What user stories are really about

User stories do not have to follow the format, “As a [persona], I [want to], [so that].”

User stories do not have to be used to assign work to developers.

User stories do not have to have “story points” or be used to estimate how long work will take.

User stories are so much more…

A user story is a ‘boundary object’, a conceptual object that has can be interpreted differently by different people but which have enough immutable content to maintain the integrity of what it is communicating.

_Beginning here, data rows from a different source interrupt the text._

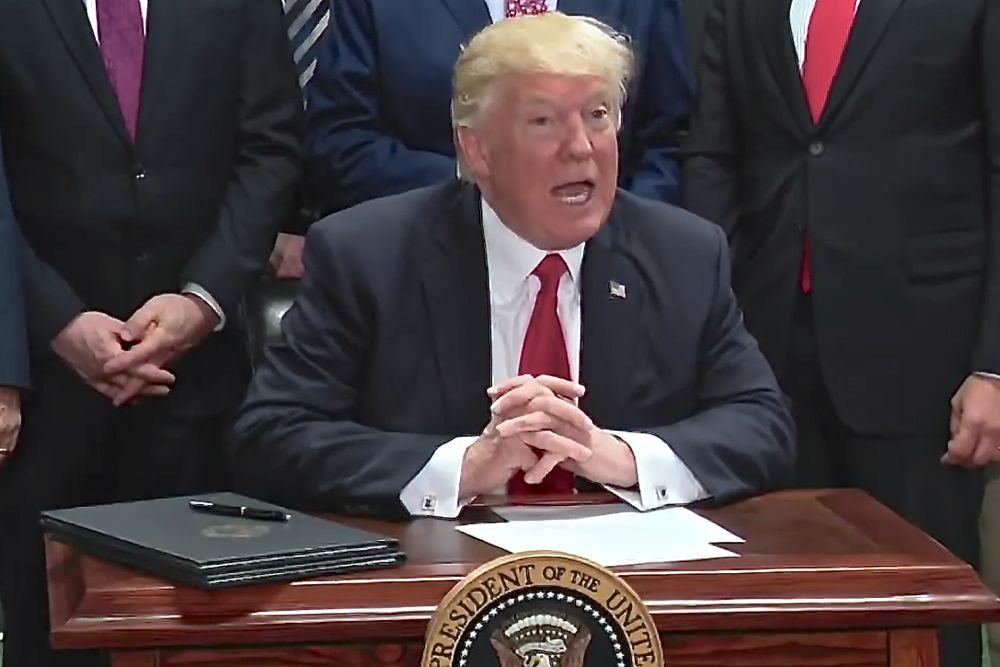 U.S. President Donald Trump signs an executive order April 29 in Pennsylvania on the establishment of the Office of Trade and Manufacturing Policy. (Screengrab from video at Whitehouse.gov)

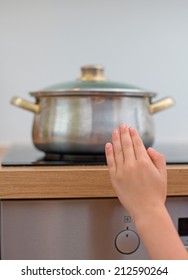 Child touches hot pan on the stove. Dangerous situation at home. 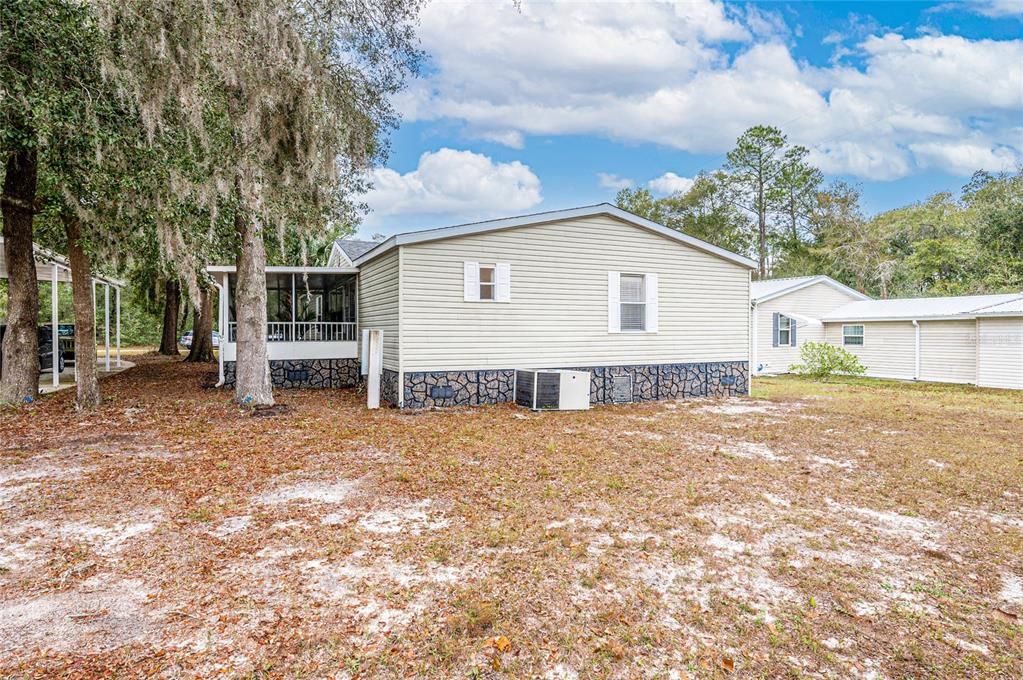 Rear of property showing screened porch off of living room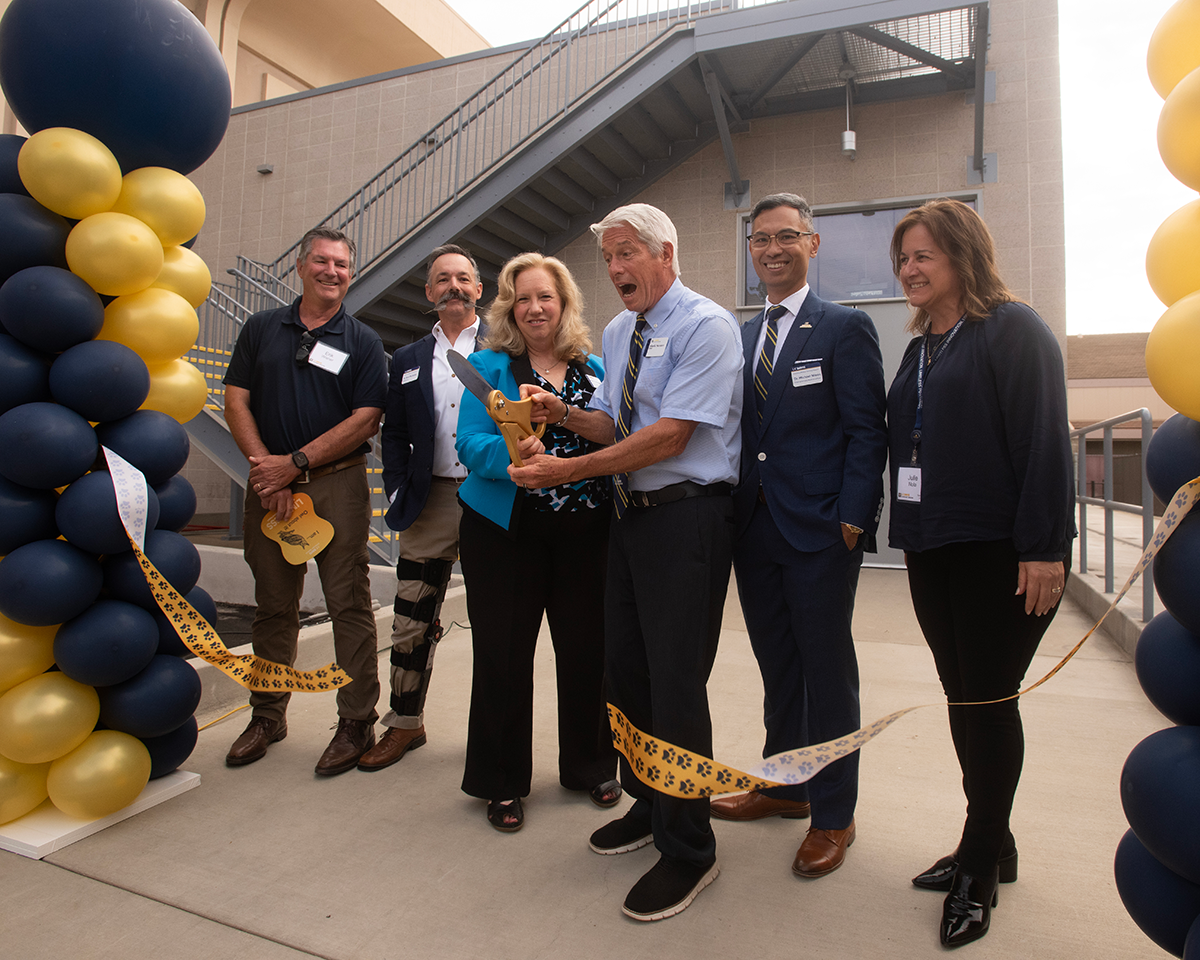 A group standing behind a large ribbon that is being cut with scissors.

They allow “coordination without consensus”, meaning that not everyone has to agree on how to define and interpret the information the boundary objects holds in order to make use of it how they need to.

The concept of boundary objects was introduced by Susan Leigh Star and James R. Griesemer in a 1989. They describe boundary objects as:

Boundary objects are objects which are both plastic enough to adapt to local needs and constraints of the several parties employing them, yet robust enough to maintain a common identity across sites. They are weakly structured in common use, and become strongly structured in individual-site use. They may be abstract or concrete. They have different meanings in different social worlds but their structure is common enough to more than one world to make them recognizable, a means of translation. The creation and management of boundary objects is key in developing and maintaining coherence across intersecting social worlds.

User stories are a way for people with different domains of knowledge to share a common understanding in a way that makes sense for their specialised knowledge domain and has . A good user story makes sense to a content designer thinking about content and to a developer thinking about code. The story is talking about one thing only, but different people with different perspective can understand the story in a way that makes sense to them.

Writing good user stories isn’t about following a prescribed format, it is about creating boundary objects that work across domains and give people the knowledge they need.